Data excerpts
#####

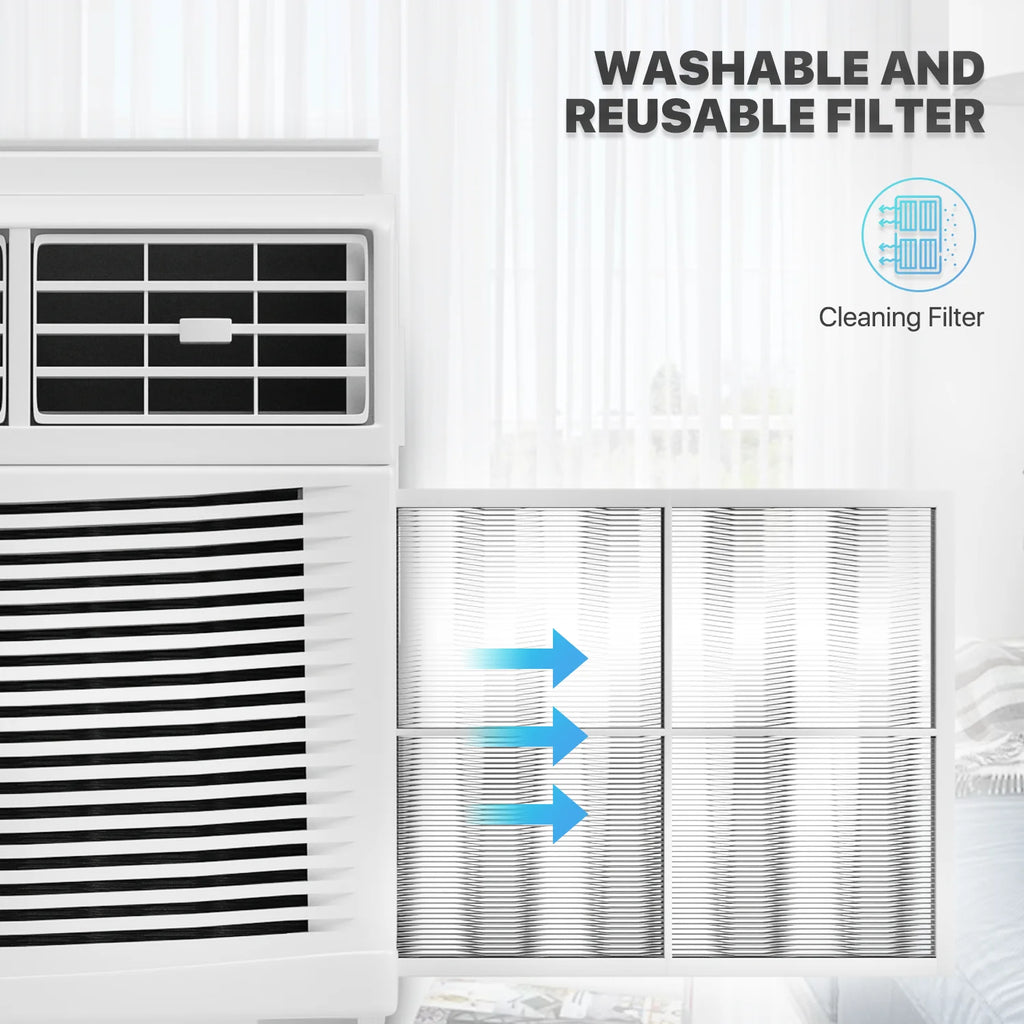 12,000 BTU 115V White Window Air Conditioner with Remote Control P493
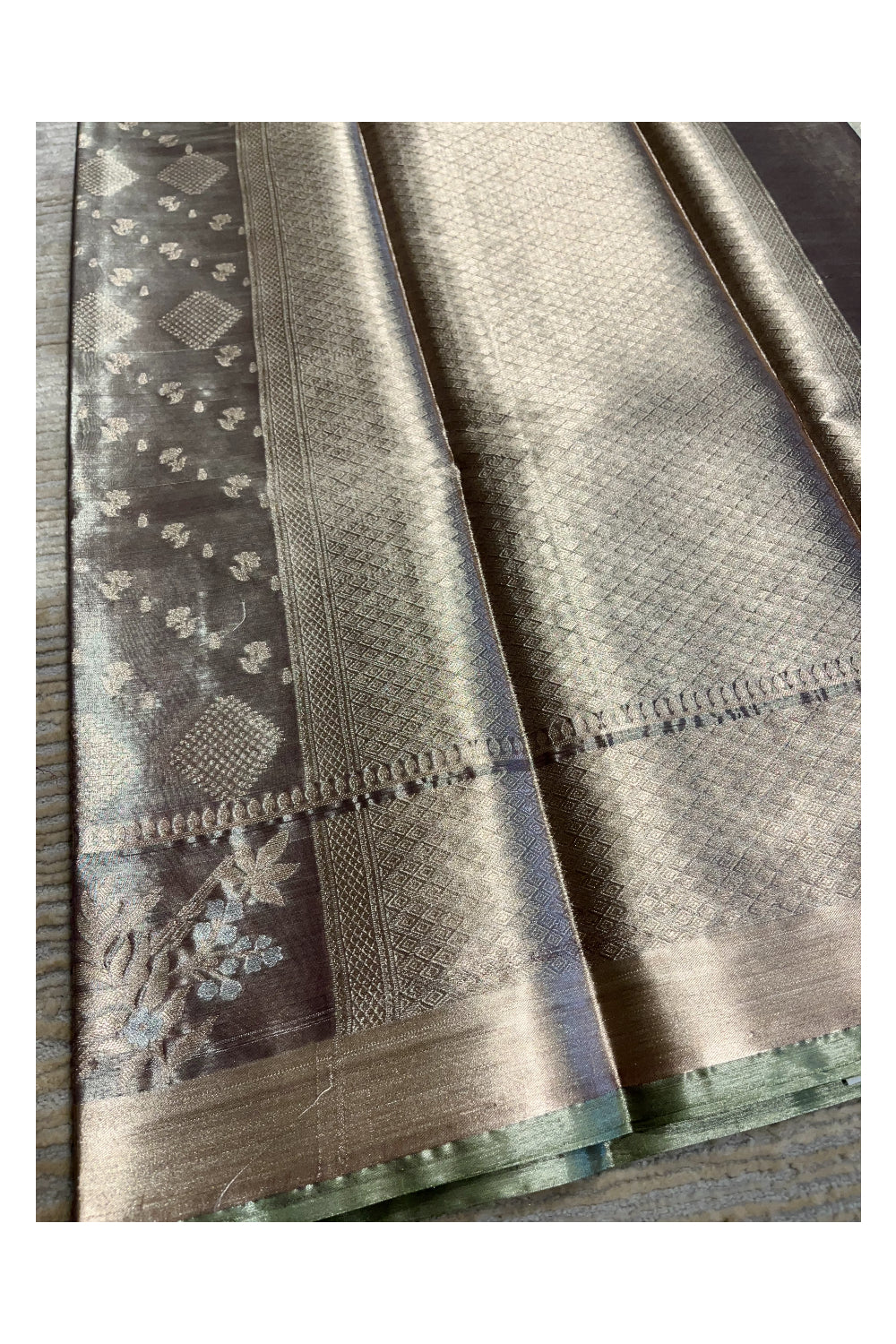 Southloom Tissue Silk Saree with Woven Work on Body and Borders (Silver &Gray)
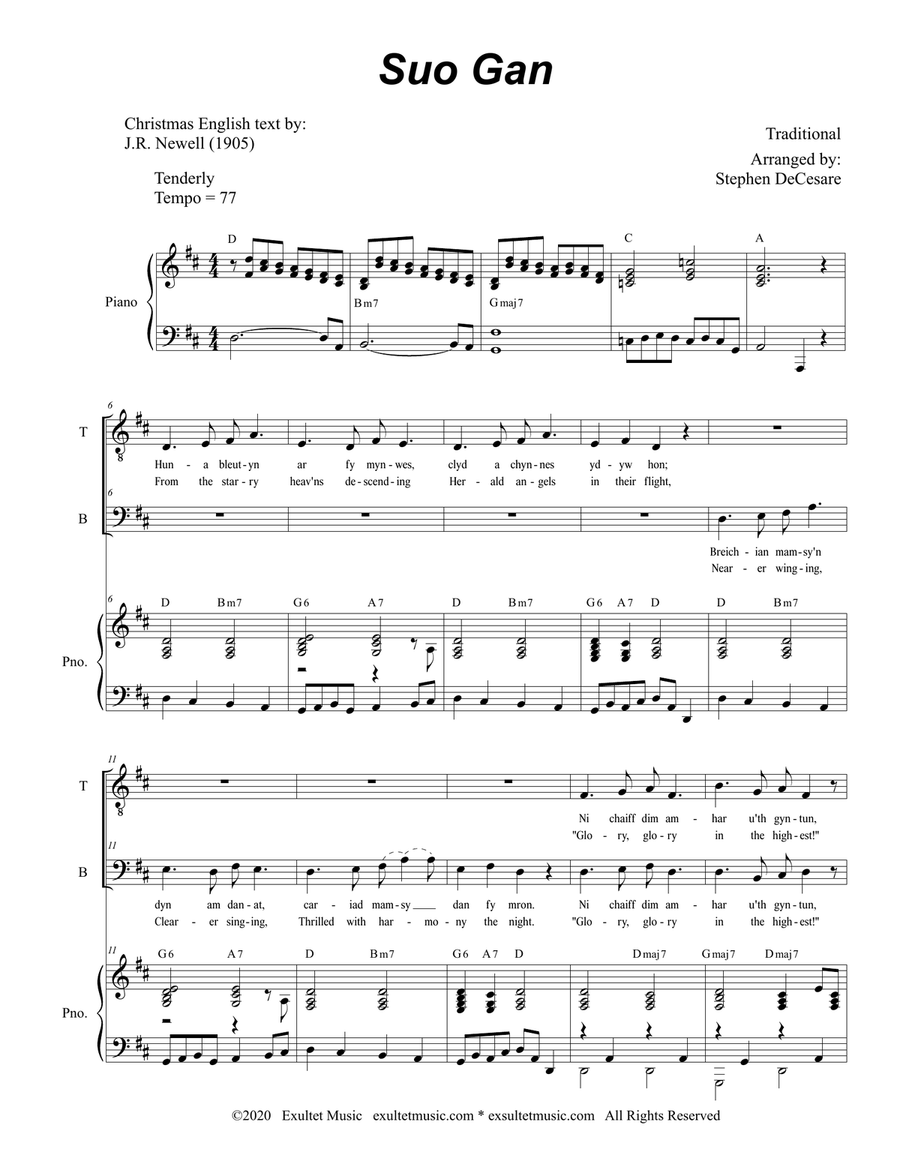 Suo Gan (2-part choir - (TB) TB scores gallery preview page 1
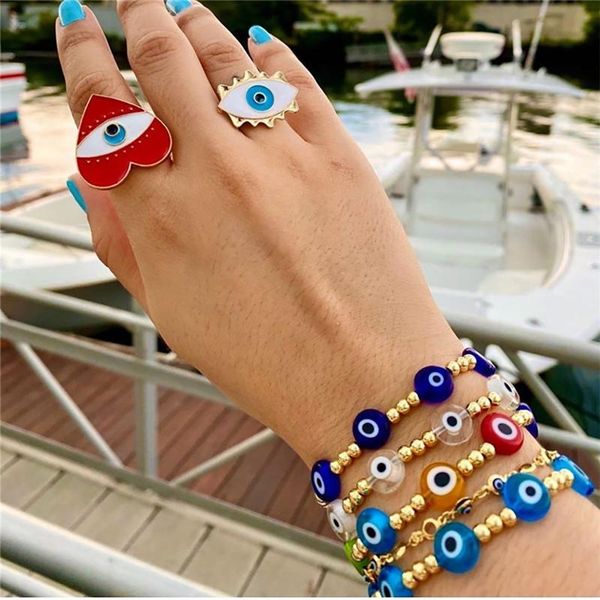 beaded, strands moloye 2021 ins european and american simple ethnic style colored jewelry, glaze evil eye gold bead ladies bracelet, Black
beaded, strands moloye 2021 ins european and american simple ethnic style colored jewelry, glaze evil eye gold bead ladies bracelet, Black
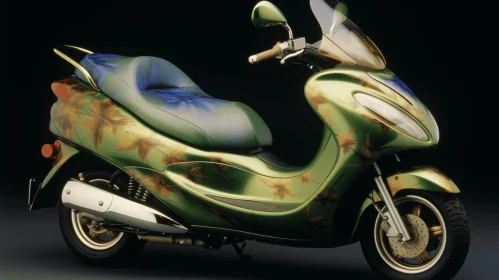 Vibrant Floral Patterns on a Green and Purple Moped | Hyperrealism Art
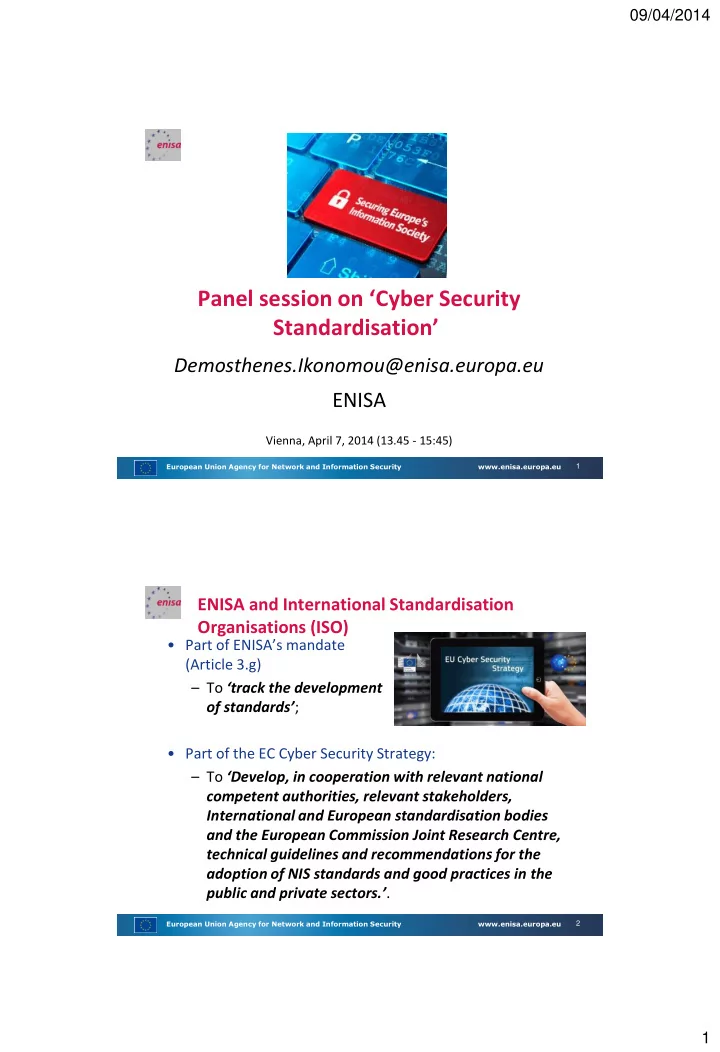 pane l session on cyber security standardisation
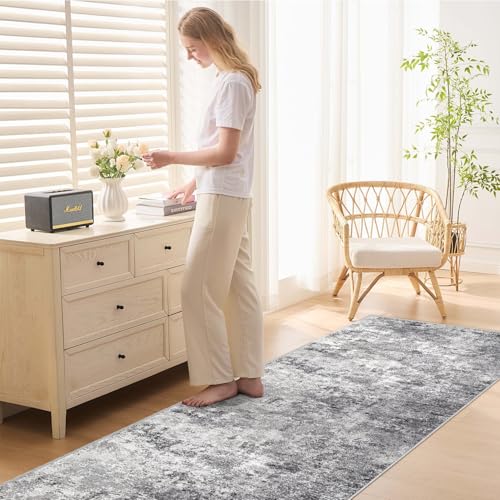 3X12 Washable Runner Rug for Hallway: Soft Neutral Modern Abstract Area Rug - Non-Slip Low Pile Long Throw Indoor Carpet for Kitchen Entryway Kitchen Bedroom Laundry - Grey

#####

How to complete this task: What you return must match each record exactly and contain no images.

Response to the task:
 12,000 BTU 115V White Window Air Conditioner with Remote Control P493
 Southloom Tissue Silk Saree with Woven Work on Body and Borders (Silver &Gray)
 Suo Gan (2-part choir - (TB) TB scores gallery preview page 1
 beaded, strands moloye 2021 ins european and american simple ethnic style colored jewelry, glaze evil eye gold bead ladies bracelet, Black
beaded, strands moloye 2021 ins european and american simple ethnic style colored jewelry, glaze evil eye gold bead ladies bracelet, Black
 Vibrant Floral Patterns on a Green and Purple Moped | Hyperrealism Art
 pane l session on cyber security standardisation
 3X12 Washable Runner Rug for Hallway: Soft Neutral Modern Abstract Area Rug - Non-Slip Low Pile Long Throw Indoor Carpet for Kitchen Entryway Kitchen Bedroom Laundry - Grey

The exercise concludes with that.